Listed entries Start Marker
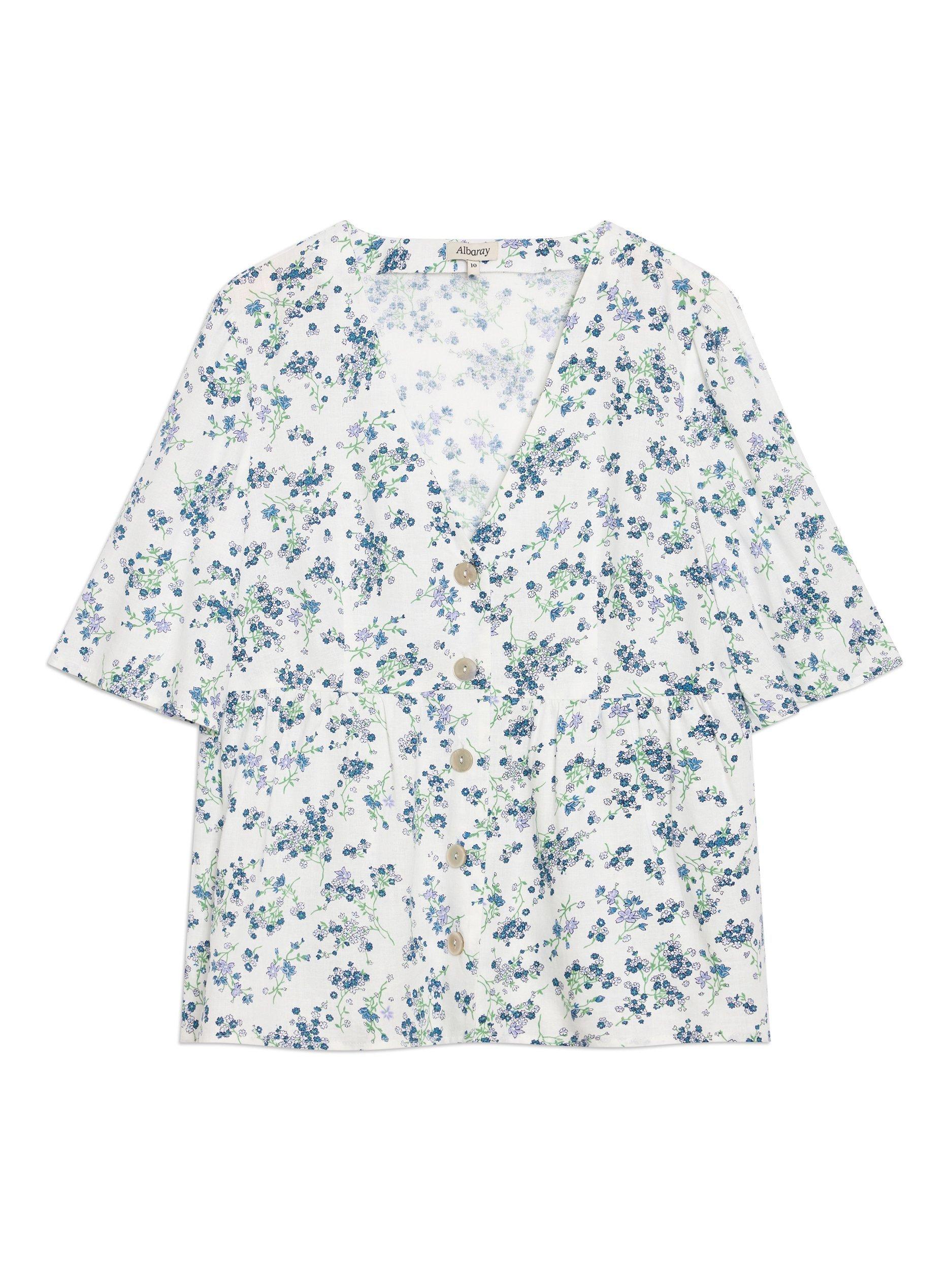 Product image 6 of 6, which shows Albaray Blossom Print Peplum Top, Blue/White, 10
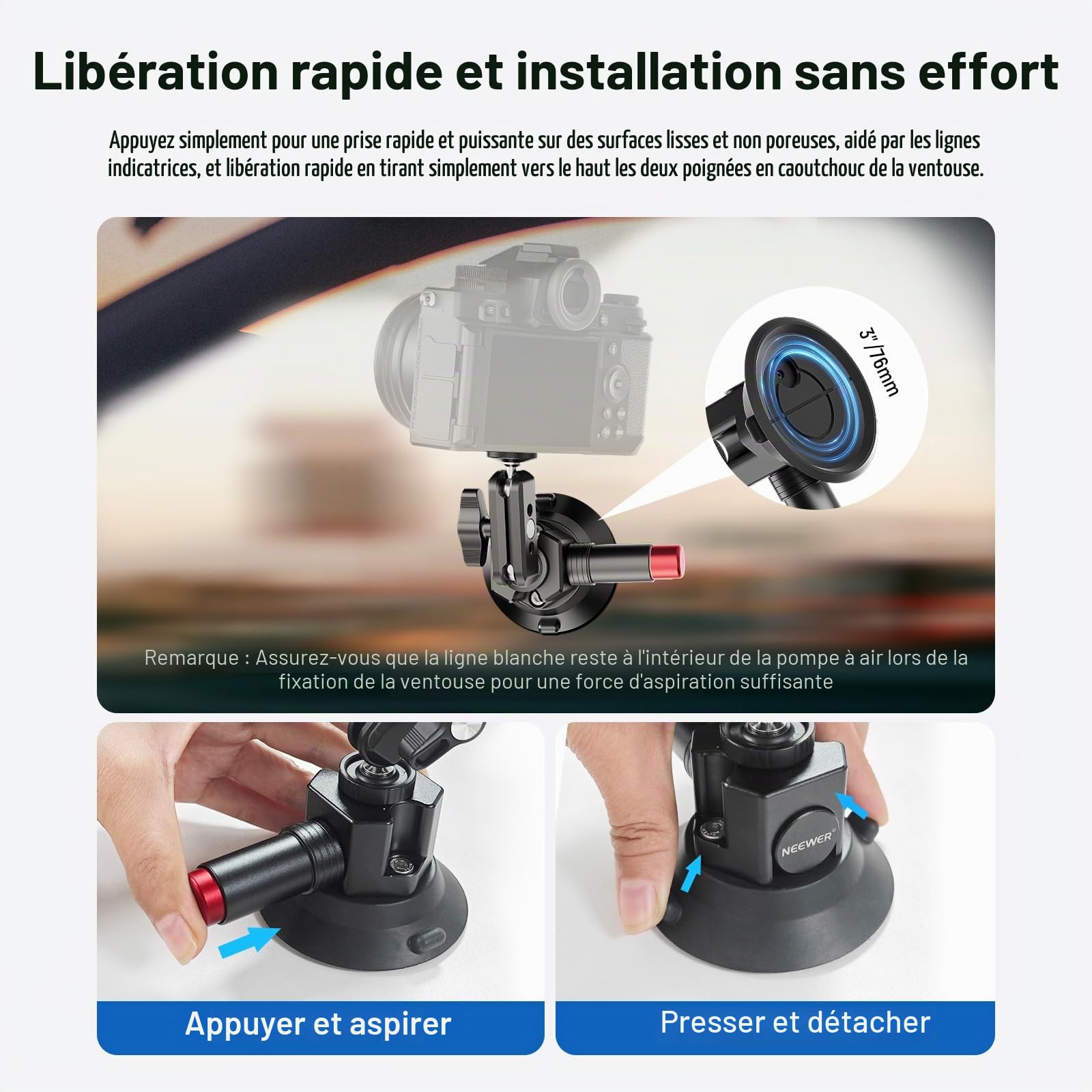 NEEWER Support Caméra Ventouse 3",Compatible avec Arri 1/4" Trous, Support de Voiture Quick Release+ de Téléphone, Adaptateur Action Cam Compatible avec iPhone GoPro DJI Insta360, CA104
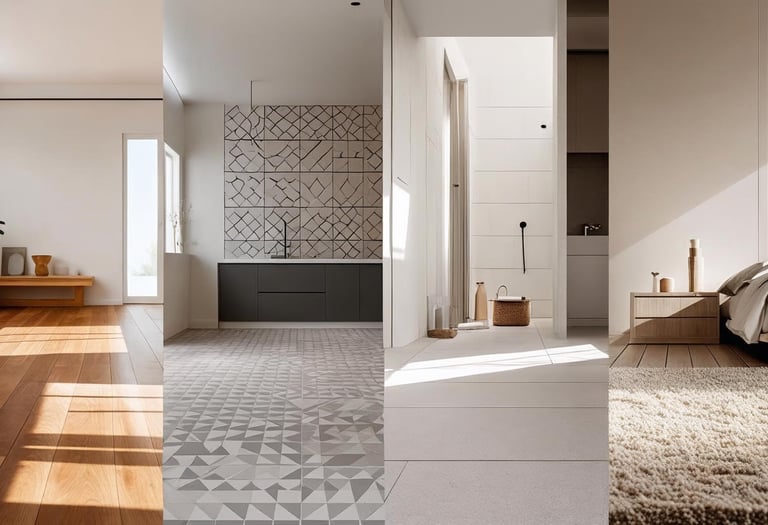 Collage of hardwood, tile, carpet, and stone flooring styles for various rooms.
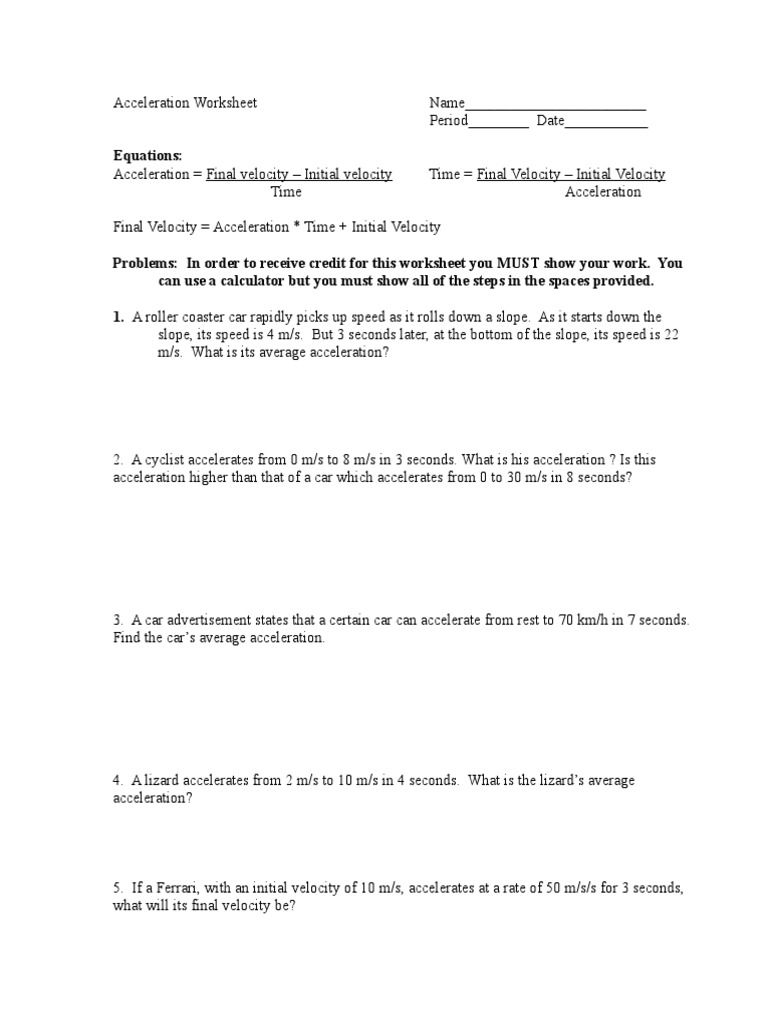 AccelerationWorksheet 000 | PDF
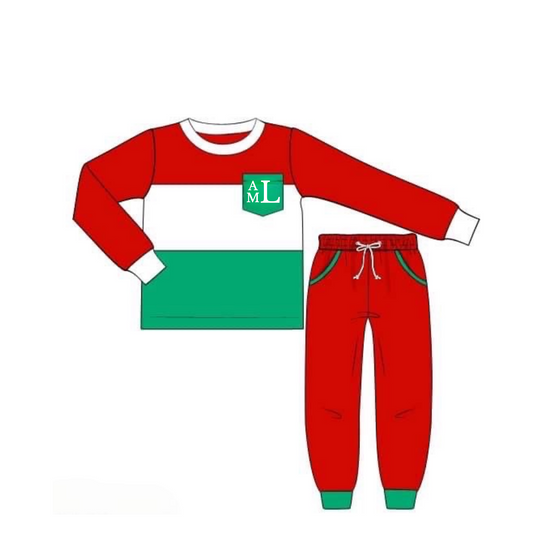 RTS: Christmas Knits- Boys Colorblock Knit Jogger Set "ALM"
Listed entries End Marker
Work task ▸ The response is the full listing, copied exactly, with the pictures omitted.

Answer below ▸
 Product image 6 of 6, which shows Albaray Blossom Print Peplum Top, Blue/White, 10
 NEEWER Support Caméra Ventouse 3",Compatible avec Arri 1/4" Trous, Support de Voiture Quick Release+ de Téléphone, Adaptateur Action Cam Compatible avec iPhone GoPro DJI Insta360, CA104
 Collage of hardwood, tile, carpet, and stone flooring styles for various rooms.
 AccelerationWorksheet 000 | PDF
 RTS: Christmas Knits- Boys Colorblock Knit Jogger Set "ALM"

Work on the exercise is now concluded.